Thanks for your feedback, the things you outline has been in my thoughts in relation to a workaround on this, but trying to come up with a sensible workaround that respects any type of filter on any table seems like something I could spend a week or two developing and may still be prone to wrong counts in edge situations.

Maybe ElasticSearch has counts of total results, even if there's a limit applied and this could be included in results as a decent workaround? We use ElasticSearch for most queries, as the default filters are too limited anyways.

RossWilliams commented 5 years ago

Elastic does provide this information, you can access it in the resolver template with: $ctx.result.hits.total.

There is a difficult disconnect between graphql and dynamodb development mindset. Dynamo DB requires planning of most access patterns in the design phase, while graphql makes an iterative approach seem straightforward. While amplify backed by dynamodb does offer some flexibility, it does require more ahead of time planning than other platforms, in this case with aggregates. If you know your aggregates now, and know they are stable, development of lambdas is doable. Solving the general case sounds much more difficult as long as your data is backed by dynamodb.

I agree that it would be helpful to have templates to speed up creation of lambda aggregate creators (including backfilling data).

houmark commented 5 years ago

Elastic does provide this information, you can access it in the resolver template with: $ctx.result.hits.total.

That sounds promising. Any hints on how I could create a @function directive to map to a resolver returning the total hits, without having to overwrite my default resolvers? I have not yet done any custom resolvers or overwritten in this project and I'm trying to avoid that. I have done a few @function directives that run a Lambda for other things (and that works well).

RossWilliams commented 5 years ago

Elasticsearch by default returns the total hit count, and by default its accurate up to around 10,000. So if you make a rest api call in your lambda you will get this back as a response. Just update you schema to include it as a property. You will likely need a new type to hold the items, nextToken, and total property.

jonmifsud commented 5 years ago

I do think that $ctx.result.hits.total should be exposed by default since it is readily available.

In terms of DynamoDB support, I'm not too sure. I mean it would be nice to have, but if you have a large dataset just getting the count on every request will be expensive. Because every time you go over 1 MB of data, you have to paginate through to get totals. In reality, you could scan through a table made up of millions of records before you can get a final result, which obviously makes no sense even in terms of performance.

undefobj commented 5 years ago

If we were to build this into Amplify in the future with DynamoDB, could you give a bit more detail on some things:

Any other specifics on your requirements or use cases would help us look into this in the future.

jonmifsud commented 5 years ago

@undefobj

I would say it would have to be the total count of items matching a query. This would be primarily needed for pagination purposes, it's very hard to give a good user experience if we are supposedly showing X results at a time out of Y number of records. This would also need to work with custom indexes, as most likely that's the most efficient setup when listing tables unless we are using searchable.

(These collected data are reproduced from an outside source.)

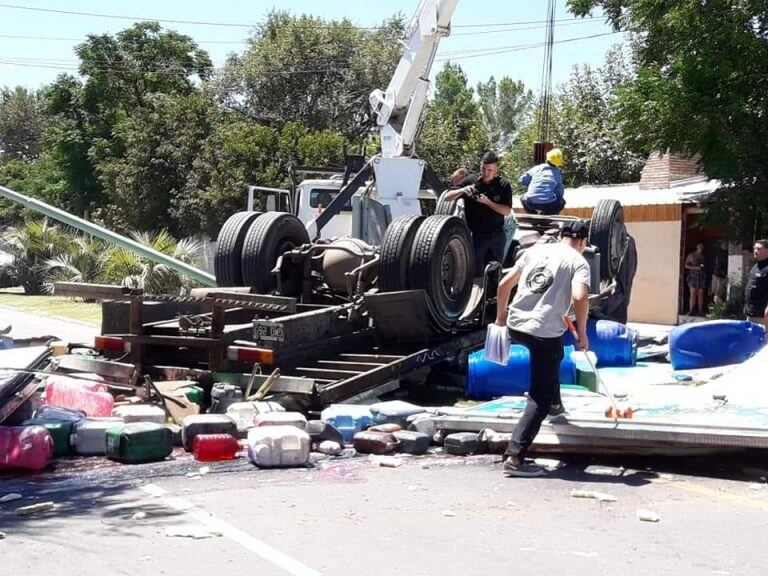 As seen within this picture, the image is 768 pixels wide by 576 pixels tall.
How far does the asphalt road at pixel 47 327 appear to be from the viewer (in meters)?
17.8

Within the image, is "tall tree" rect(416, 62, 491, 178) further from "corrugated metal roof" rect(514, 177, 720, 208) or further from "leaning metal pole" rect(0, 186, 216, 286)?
"leaning metal pole" rect(0, 186, 216, 286)

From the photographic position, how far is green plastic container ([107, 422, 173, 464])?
24.8ft

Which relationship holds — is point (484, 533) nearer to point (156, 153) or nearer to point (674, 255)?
point (674, 255)

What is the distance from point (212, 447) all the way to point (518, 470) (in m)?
2.26

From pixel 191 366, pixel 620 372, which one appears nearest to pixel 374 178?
pixel 620 372

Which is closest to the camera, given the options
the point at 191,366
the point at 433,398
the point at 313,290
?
the point at 191,366

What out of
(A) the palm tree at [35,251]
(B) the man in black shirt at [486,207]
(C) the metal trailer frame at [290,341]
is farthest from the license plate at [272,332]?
(A) the palm tree at [35,251]

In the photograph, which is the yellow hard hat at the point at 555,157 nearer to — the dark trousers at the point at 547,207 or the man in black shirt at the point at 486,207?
the dark trousers at the point at 547,207

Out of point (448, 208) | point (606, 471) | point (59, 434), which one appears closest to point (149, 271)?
point (448, 208)

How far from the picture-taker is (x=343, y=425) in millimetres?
8414

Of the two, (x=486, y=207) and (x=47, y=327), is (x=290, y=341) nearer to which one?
(x=486, y=207)

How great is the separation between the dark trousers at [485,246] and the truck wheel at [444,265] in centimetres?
26

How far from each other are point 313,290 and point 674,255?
471 inches

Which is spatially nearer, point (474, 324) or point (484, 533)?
point (484, 533) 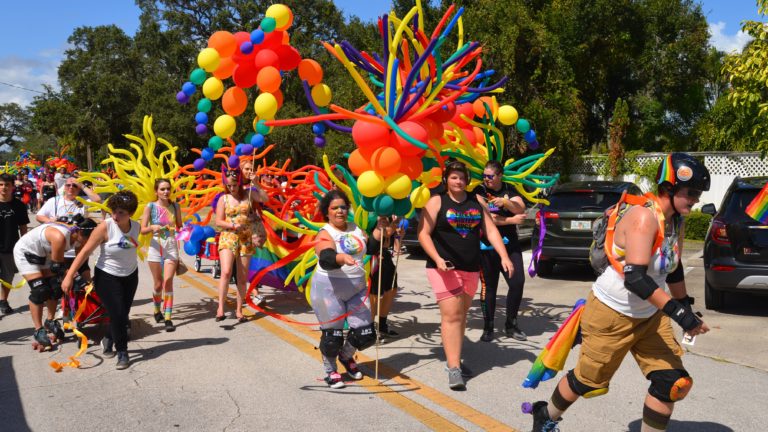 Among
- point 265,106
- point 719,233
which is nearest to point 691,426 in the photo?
point 719,233

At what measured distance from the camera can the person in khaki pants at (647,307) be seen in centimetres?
318

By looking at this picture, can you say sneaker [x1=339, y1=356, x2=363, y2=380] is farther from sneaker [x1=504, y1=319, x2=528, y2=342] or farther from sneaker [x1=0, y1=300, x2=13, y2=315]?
sneaker [x1=0, y1=300, x2=13, y2=315]

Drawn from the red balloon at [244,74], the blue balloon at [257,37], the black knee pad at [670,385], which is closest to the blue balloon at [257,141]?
the red balloon at [244,74]

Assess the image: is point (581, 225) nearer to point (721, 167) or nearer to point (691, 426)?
point (691, 426)

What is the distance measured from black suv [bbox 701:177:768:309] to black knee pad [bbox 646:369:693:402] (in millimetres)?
3777

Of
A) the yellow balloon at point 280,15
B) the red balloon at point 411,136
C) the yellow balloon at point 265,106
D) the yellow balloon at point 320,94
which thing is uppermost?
the yellow balloon at point 280,15

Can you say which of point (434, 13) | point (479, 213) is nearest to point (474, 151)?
point (479, 213)

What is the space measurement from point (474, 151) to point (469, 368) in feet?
7.45

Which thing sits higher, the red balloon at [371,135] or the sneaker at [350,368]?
the red balloon at [371,135]

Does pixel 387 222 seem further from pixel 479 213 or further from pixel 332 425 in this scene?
pixel 332 425

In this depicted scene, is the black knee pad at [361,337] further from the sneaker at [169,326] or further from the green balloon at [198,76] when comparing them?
the green balloon at [198,76]

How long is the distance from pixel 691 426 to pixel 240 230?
5024 mm

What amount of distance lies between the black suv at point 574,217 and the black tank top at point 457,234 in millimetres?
4870

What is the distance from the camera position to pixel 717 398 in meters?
4.50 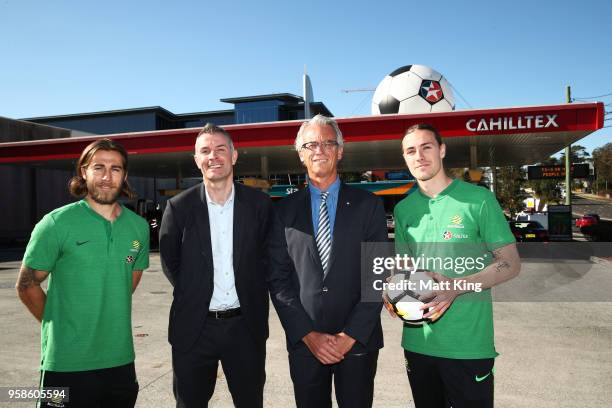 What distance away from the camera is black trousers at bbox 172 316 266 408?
9.28 ft

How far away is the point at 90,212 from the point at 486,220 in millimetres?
2424

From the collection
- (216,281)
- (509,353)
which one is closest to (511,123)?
(509,353)

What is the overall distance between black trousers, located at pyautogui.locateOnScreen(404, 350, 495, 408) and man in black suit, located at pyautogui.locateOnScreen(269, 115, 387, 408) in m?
0.29

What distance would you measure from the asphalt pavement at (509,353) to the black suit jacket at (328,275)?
171 cm

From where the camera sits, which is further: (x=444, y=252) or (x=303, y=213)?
(x=303, y=213)

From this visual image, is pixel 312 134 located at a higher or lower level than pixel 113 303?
higher

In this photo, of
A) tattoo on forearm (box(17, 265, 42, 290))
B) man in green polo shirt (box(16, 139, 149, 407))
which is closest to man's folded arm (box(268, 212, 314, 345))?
man in green polo shirt (box(16, 139, 149, 407))

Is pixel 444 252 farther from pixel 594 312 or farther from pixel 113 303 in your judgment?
pixel 594 312

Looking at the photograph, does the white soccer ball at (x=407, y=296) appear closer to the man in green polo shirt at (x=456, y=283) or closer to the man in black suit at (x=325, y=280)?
the man in green polo shirt at (x=456, y=283)

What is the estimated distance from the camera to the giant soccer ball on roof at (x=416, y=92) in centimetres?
1402

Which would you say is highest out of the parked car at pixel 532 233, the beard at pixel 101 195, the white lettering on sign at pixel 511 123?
the white lettering on sign at pixel 511 123

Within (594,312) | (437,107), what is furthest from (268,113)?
(594,312)

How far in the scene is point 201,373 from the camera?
2.84 meters

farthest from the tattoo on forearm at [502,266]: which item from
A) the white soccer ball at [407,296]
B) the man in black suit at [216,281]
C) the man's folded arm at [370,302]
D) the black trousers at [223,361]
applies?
the black trousers at [223,361] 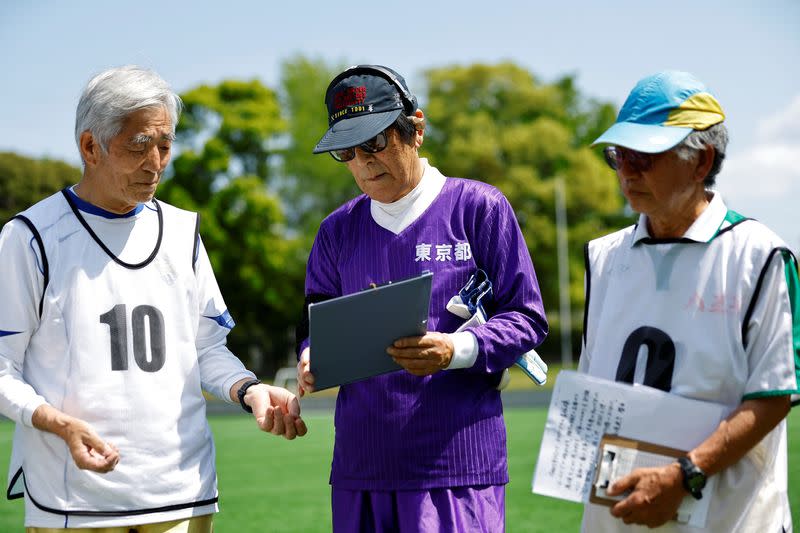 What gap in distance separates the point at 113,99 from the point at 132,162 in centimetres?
21

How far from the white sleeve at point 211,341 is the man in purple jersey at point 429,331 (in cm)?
33

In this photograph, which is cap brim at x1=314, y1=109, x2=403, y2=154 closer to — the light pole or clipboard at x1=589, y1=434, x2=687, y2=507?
clipboard at x1=589, y1=434, x2=687, y2=507

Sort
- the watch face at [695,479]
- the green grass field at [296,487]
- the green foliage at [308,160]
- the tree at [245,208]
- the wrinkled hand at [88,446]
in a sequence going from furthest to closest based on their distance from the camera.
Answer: the green foliage at [308,160] → the tree at [245,208] → the green grass field at [296,487] → the wrinkled hand at [88,446] → the watch face at [695,479]

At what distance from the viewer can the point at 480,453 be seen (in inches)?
127

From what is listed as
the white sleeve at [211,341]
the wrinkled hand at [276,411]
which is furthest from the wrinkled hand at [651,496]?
the white sleeve at [211,341]

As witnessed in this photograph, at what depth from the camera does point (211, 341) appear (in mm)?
3455

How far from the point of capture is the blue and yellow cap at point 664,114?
8.54ft

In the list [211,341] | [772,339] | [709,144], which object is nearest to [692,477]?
[772,339]

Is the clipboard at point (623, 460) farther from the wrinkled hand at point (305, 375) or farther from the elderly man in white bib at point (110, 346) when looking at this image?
the elderly man in white bib at point (110, 346)

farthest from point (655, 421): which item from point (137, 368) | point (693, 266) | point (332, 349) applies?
point (137, 368)

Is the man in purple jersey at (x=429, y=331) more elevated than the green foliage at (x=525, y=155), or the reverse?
the man in purple jersey at (x=429, y=331)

I wouldn't mind if there are additional lambda functions added to the GraphQL Query, however, I think it would be wise if we are able to choose whether to request/run this or not. If we are paginating across 1000 results with 10 results a time, I don't think we need to necessarily run the total length query 10 times, it could be that the first request is enough. Also, there could be instances where I wouldn't care much about the count and as a result wouldn't want to run the lambda function for no reason. Potentially another way to go around this could be to have a 'cache'/dynamo table store for counts; with rules of how long count results may be valid for.

I hope that makes sense.

houmark commented 5 years ago

I agree with @jonmifsud — the main interest for us is to have a count of the filtered query, so we can do a proper pagination and show the total results of that query.

A full count would be nice, but if you do a normal query, shouldn't that result in a count of all items? Also, maybe a way to just return the count would be nice instead of having the count as a part of the result dataset would be nice.

I also would like to be able to choose when to use this and when to not, to avoid extra processes running with load time and costs overhead.

undefobj commented 5 years ago

You should be able to do pagination using nextToken without needing to know the count. However, what you propose above to have a count on the query results would be difficult. While not impossible, this feature would be quite difficult to do. I'll keep the issue open so that we can get other community feedback and measure interest, but for transparency it would need a lot of design and thought and wouldn't be delivered anytime soon.

houmark commented 5 years ago

Associating the word "impossible" for a query count in 2019 makes me cringe a bit. And more than that, it makes me wonder if selecting Amplify and all its (current) dependents was a very wrong choice.

The fact that DynamoDB does not do counts for its queries (besides a full table estimated count every ~6 hours) is simply a limitation the team working on DynamoDB should solve. Every single competitor to DynamoDB handles this without issues, so I'm sure those smart people can also come up with a solution that does not just benefit AppSync and Amplify users, but also people using DynamoDB directly. Maybe it will be near correct counts if millions and more precise when thousands like MySQL / InnoDB, and that would be way way better than having no clue whatsoever.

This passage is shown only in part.